Sie haben die Gräfin, die zum einem das Geheimnis der drei Karten hütet, und zum anderen mit der Sehnsucht nach ihrer Jugend kämpft - sie wurde als „Venus moscovite“ am französischen Hof umschwärmt -, bereits 2005 in San Francisco und 2010 in Basel gesungen.
Ich habe versucht meine Erfahrungen aus diesen Produktion und meine Vorstellungen von der Gräfin hier einzubringen.

Wie sind ihrer Vorstellungen von ihr?
Ich sehe sie als Hippie, die die Zeiten von freier Liebe und Kunst miterlebt und in vollen Zügen zelebriert hat, jetzt aber plötzlich in diese strengen Bahnen der Gesellschaft gezwängt wird, was diese statische Inszenierung ja sehr gut widerspiegelt.

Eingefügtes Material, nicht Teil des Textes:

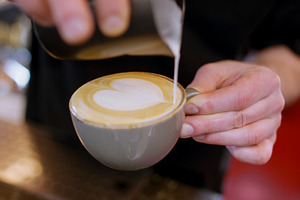 Cappuccino serving decorating drink barista hand, a Person Photo by Photo Drive Studio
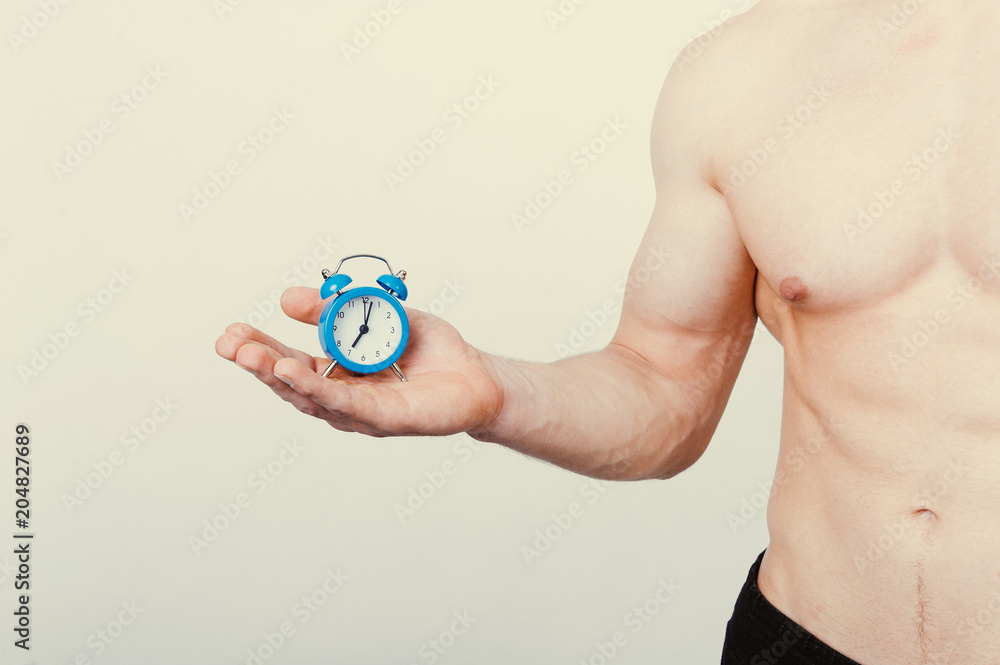 Fototapeta premium healthcare fitness Time and taking care of yourself concept. Man holding alarm over white background.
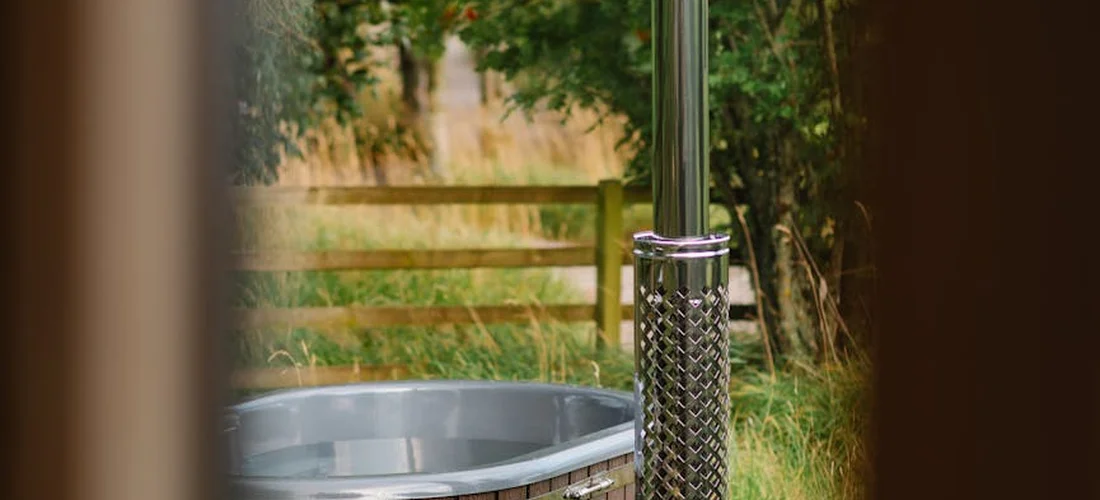 Outdoor hot tub in a backyard, viewed from a doorway, with a wooden fence and greenery in the background.
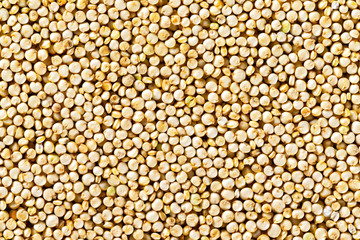 Quinoa grain top view background. Healthy super food pattern.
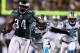 PHILADELPHIA, PA - NOVEMBER 26: Bryce Brown #34 of the Philadelphia Eagles carries the ball in for a touchdown as Sherrod Martin #23 of the Carolina Panthers defends on November 26, 2012 at Lincoln Financial Field in Philadelphia, Pennsylvania. (Photo by Elsa/Getty Images)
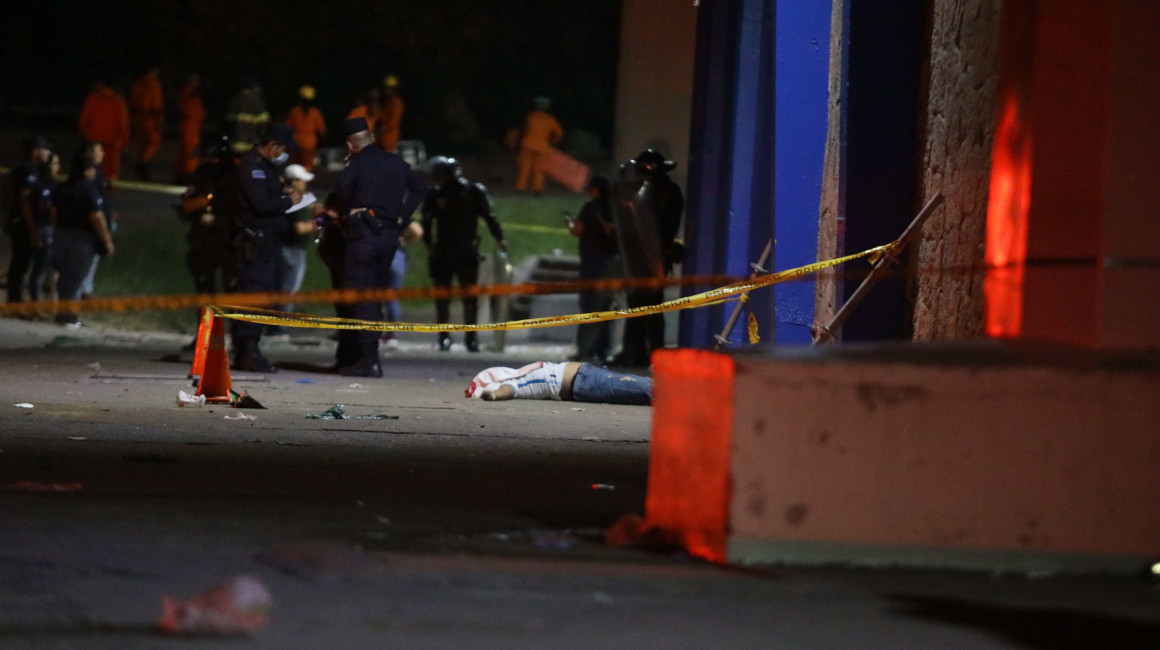 Miembros de la policía y primeros auxilios observan el cuerpo de una de las 12 personas que fallecieron en una estampida en El Salvador.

In der Oper ist Hermann, ein Einwanderer und Einzelgänger, der für die Enkelin der Gräfin, Lisa entbrannt ist. Andererseits will er der Gräfin das Geheimnis um die drei Karten entlocken, um so an den begehrten Reichtum zu gelangen. Letztendlich verliert er aber beides, die Liebe und das Spiel.
Das Thema dieser Oper ist die Sucht in jeglicher Form. Und diese lässt sich nun mal mit der Liebe nicht vereinen. Hermann, der nach Reichtum und gleichzeitig Liebe giert, und Lisa, die eigentlich alles hat, dies aber auf Spiel setzt und für einen Mann schwärmt, der sie ins Unglück stürzt. Diese Sucht und Lust am Leiden und der Selbstzerstörung beherrscht die Beiden.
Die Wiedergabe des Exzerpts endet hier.